• _INFORMATION SHOWN_
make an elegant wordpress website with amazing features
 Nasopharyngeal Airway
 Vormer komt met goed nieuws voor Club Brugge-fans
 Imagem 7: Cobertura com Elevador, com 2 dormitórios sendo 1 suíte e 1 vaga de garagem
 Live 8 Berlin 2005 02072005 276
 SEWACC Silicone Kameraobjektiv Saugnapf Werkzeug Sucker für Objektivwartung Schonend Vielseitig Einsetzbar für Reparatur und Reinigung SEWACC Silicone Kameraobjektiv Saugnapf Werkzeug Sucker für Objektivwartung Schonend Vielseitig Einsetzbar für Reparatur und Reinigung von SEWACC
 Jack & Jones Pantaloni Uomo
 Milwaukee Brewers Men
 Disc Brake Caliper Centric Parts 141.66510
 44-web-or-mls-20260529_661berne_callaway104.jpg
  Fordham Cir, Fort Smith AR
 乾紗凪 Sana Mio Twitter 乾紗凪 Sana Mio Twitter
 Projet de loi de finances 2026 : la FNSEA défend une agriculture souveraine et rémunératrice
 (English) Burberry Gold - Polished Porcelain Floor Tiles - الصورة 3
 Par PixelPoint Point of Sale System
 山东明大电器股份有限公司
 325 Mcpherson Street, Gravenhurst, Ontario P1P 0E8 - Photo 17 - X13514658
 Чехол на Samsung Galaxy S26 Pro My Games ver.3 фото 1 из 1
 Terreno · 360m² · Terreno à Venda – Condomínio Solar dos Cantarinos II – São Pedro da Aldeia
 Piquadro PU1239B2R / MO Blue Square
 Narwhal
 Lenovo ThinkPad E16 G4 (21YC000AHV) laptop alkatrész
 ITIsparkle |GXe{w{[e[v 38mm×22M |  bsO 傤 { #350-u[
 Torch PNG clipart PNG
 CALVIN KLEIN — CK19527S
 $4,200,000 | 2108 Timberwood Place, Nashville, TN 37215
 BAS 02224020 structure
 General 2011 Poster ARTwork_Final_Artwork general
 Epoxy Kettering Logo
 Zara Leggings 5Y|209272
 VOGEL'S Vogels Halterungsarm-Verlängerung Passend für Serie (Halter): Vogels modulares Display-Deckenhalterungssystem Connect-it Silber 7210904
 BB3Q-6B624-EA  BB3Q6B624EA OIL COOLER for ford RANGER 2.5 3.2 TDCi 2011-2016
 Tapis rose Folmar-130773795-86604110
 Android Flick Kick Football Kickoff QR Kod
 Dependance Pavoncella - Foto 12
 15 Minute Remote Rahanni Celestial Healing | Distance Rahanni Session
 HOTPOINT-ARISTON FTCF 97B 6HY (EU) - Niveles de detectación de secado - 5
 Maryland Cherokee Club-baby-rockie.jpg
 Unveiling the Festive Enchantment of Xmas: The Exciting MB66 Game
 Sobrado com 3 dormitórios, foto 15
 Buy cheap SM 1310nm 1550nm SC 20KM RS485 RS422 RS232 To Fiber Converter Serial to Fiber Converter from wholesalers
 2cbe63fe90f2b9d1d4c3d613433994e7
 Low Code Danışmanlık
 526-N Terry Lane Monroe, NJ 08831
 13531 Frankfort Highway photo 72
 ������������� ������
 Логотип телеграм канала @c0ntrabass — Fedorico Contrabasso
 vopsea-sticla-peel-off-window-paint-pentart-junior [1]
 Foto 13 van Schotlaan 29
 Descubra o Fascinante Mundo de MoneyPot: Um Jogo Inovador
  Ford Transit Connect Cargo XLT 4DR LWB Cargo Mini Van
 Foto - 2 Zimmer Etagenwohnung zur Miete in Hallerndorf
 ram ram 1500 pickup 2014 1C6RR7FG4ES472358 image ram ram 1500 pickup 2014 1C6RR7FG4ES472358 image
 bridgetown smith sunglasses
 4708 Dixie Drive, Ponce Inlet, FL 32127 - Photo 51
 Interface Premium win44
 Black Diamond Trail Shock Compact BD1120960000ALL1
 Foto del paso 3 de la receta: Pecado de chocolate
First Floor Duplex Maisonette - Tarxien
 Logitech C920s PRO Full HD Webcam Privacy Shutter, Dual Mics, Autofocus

• _ACTIVITY_
Using the data above, reproduce exactly the lines between those holding "General 2011 Poster" and "VOGEL'S Vogels Halterungsarm-Verlängerung", inclusive, and no others.

• _ANSWER FOR THE TASK_
 General 2011 Poster ARTwork_Final_Artwork general
 Epoxy Kettering Logo
 Zara Leggings 5Y|209272
 VOGEL'S Vogels Halterungsarm-Verlängerung Passend für Serie (Halter): Vogels modulares Display-Deckenhalterungssystem Connect-it Silber 7210904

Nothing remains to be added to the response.